Sokcho is situated on the Pacific Coast in South Korea, not far from its hostile neighbours to the north. Resplendent in the summer, the city takes on the windswept character of a frontier town in the depths of winter.
The unnamed protagonist has bounced between Seoul and Sokcho in the years leading up to this particular winter. Largely at a loose end, her life revolves around her work at a local, rundown hotel, visiting her single mother, and a dissatisfying love life with her boyfriend. The product of a fling between her mother and a Western father she’s never known, she struggles to belong.
When a mysterious foreign guest — a Frenchman named Yan Kerrand — arrives at the hotel, our hero begins to see her malaise-inducing surroundings in a different light. The two bond over his life in Normandy (and her imagining of it) and the stories of Maupassant.
The chemistry between the two is apparent, but their interactions are marked by reluctance, misreadings, and subtle, yet powerful judgements. On one hand, the protagonist dismisses Kerrand: “He’d never understand what Sokcho was like. You had to be born here, live through the winters. The smells, the octopus. The isolation.” And despite her invitations to sample her cooking, which largely revolves around the local traditional cuisine, Kerrand rebuffs the protagonist time after time. They’re hell-bent on keeping each other at arm’s length.
But still, the two forge an unlikely partnership. Kerrand, a cartoonist, is on the hunt for inspiration. Naturally, the aimless protagonist is a suitable tour guide, despite not knowing much of the local surroundings beyond the town. The two come to an observation point near the North Korean border, only for Kerrand to discover that his guide had never been there. “You’ve never been here before? Out of a feeling of solidarity, I mean?” he asks her. Her reply: “Shedding a few tears behind a pair of binoculars? You call that solidarity?”

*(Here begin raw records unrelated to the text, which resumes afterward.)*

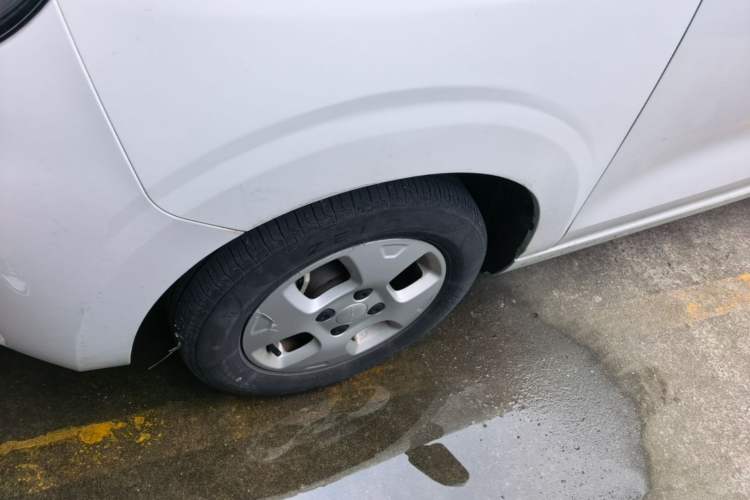 Used Roewe Clever 2021 302 km New Four-Seater Super-Efficient Version Left Front Wheel Hub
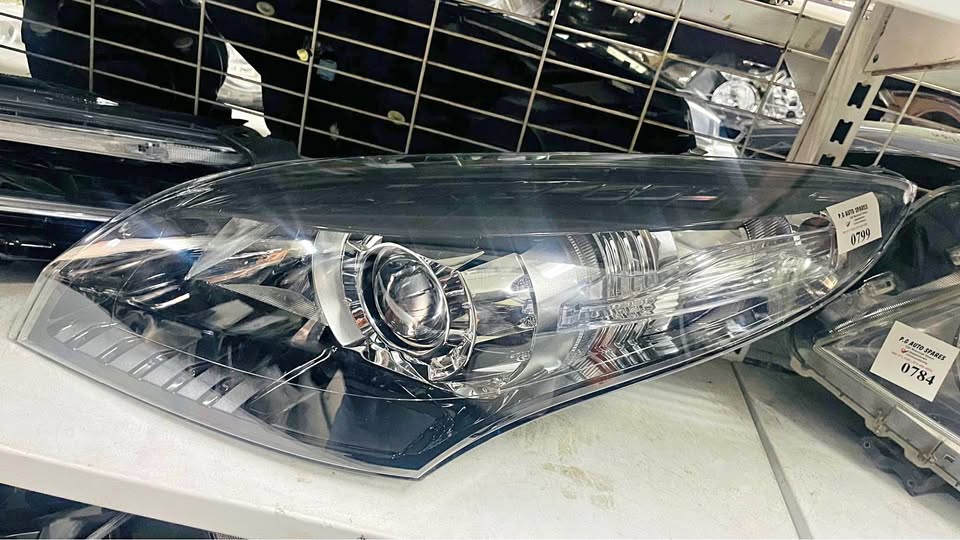 RENAULT MEGANE III Coupe headlight 2008/15 - Private Seller RENAULT MEGANE III Coupe headlight 2008/15 - Private Seller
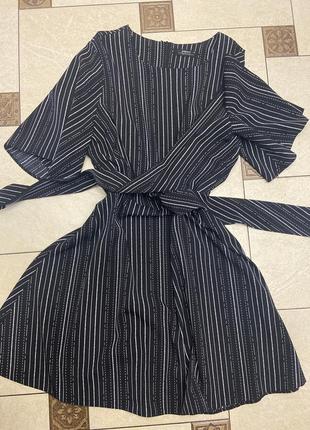 Черное платье мини с завязками накрест в полосочку1 фото
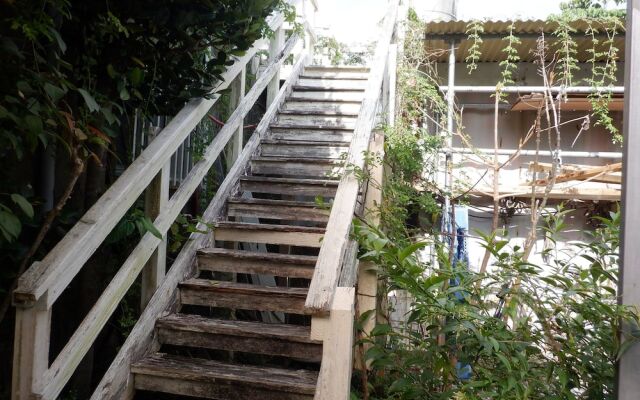 Pe-chin Hama guest house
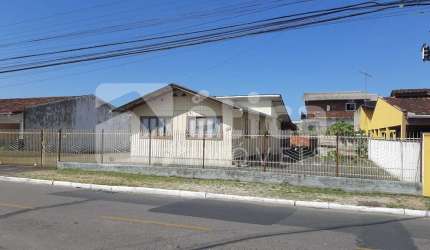 Casa à venda com amplo terreno no bairro Cordeiros em ITAJAI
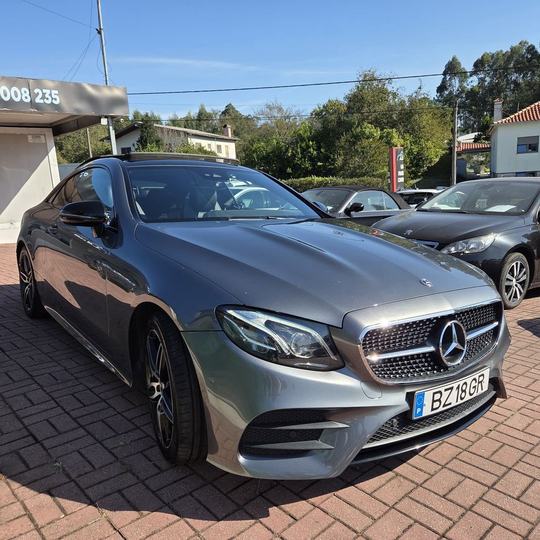 Mercedes-Benz E 220 d Coupé AMG — foto 7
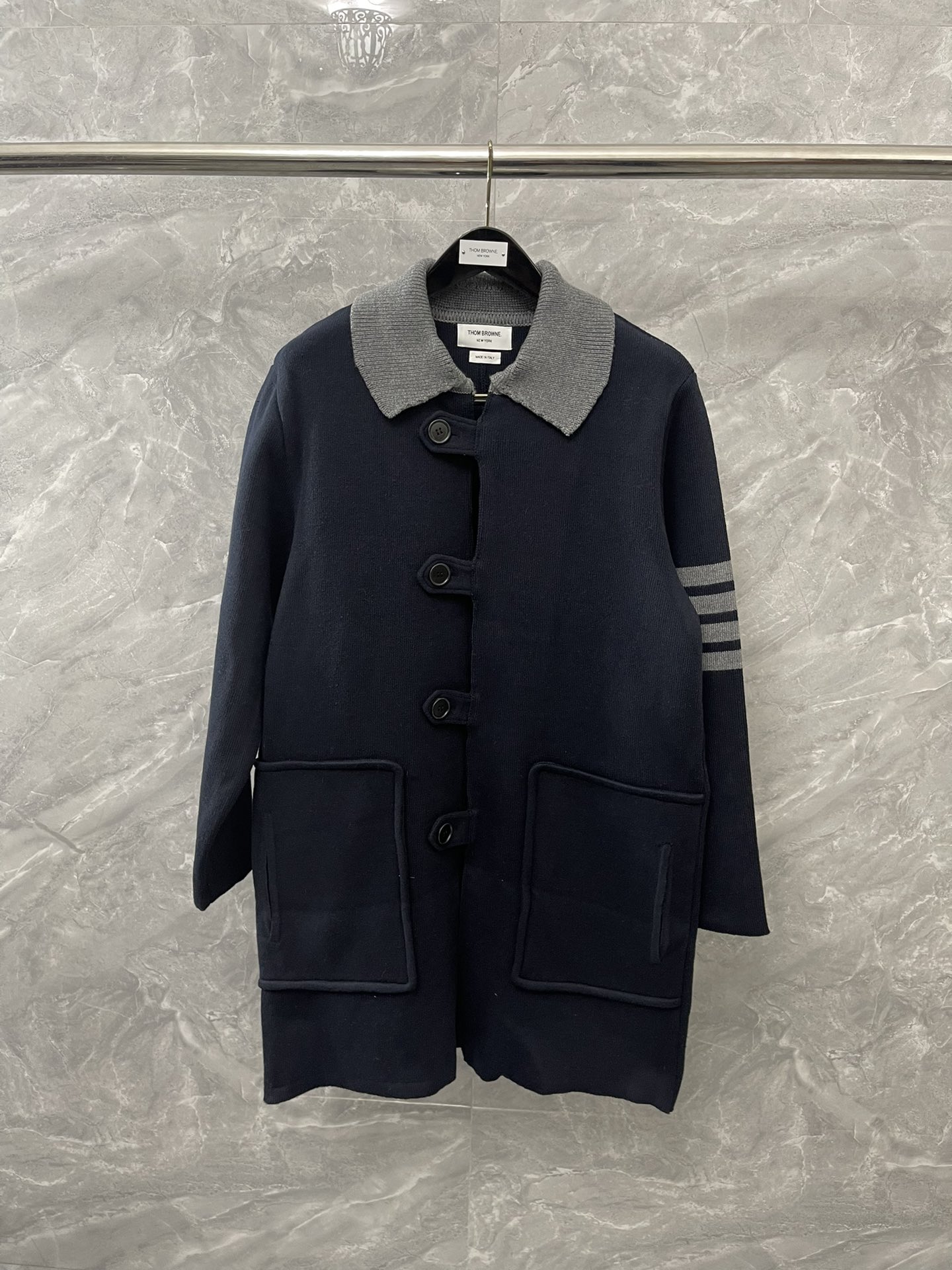 톰브라운 Thom Browne  코트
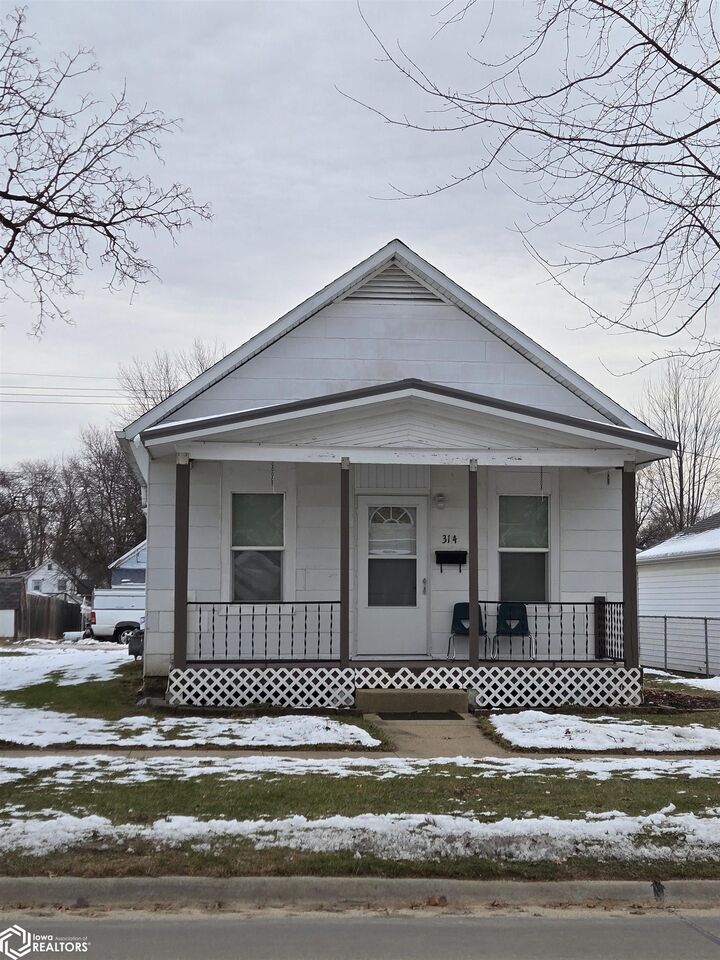 Property Photo:  314 Broadway Street  IA 52655 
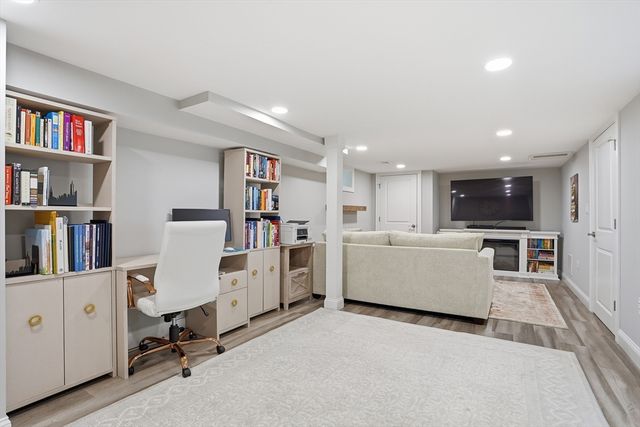 36 Neillian Street 36, Bedford, MA 01730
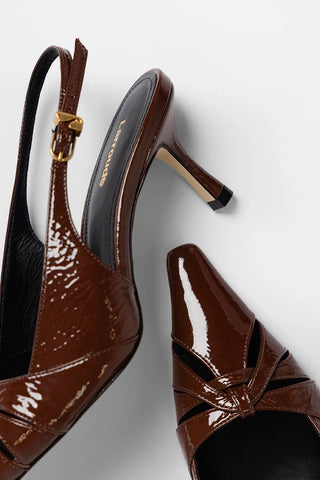 Slingback Kirstin Couro Verniz Marrom Pump Larroudé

The ongoing existential threat of their perpetual rival to the north, the underlying feelings of guilt the main character feels about her mother, the ennui of her failed relationship, the longing to escape, and feminine standards of beauty are all traversed in this novel. All of which works seamlessly in tandem with the tension the simmers between the two leads. Not to mention the moments of intoxicating imagery, as the protagonist describes the desolation of the Sokcho winter:
“Outside, against the onslaught of ice, the waves struggled to resist, moving ever more slowly and heavily, cracking as they collapsed in defeat on the shoreline.”
This deceptively slight volume carries these themes with grace. Dusapin’s style elevates a banal, claustrophobic experience and imbues it with hope and a sense of self-discovery. Winter in Sokcho washes over you like a dream.
Winter in Sokcho is out now via Scribe.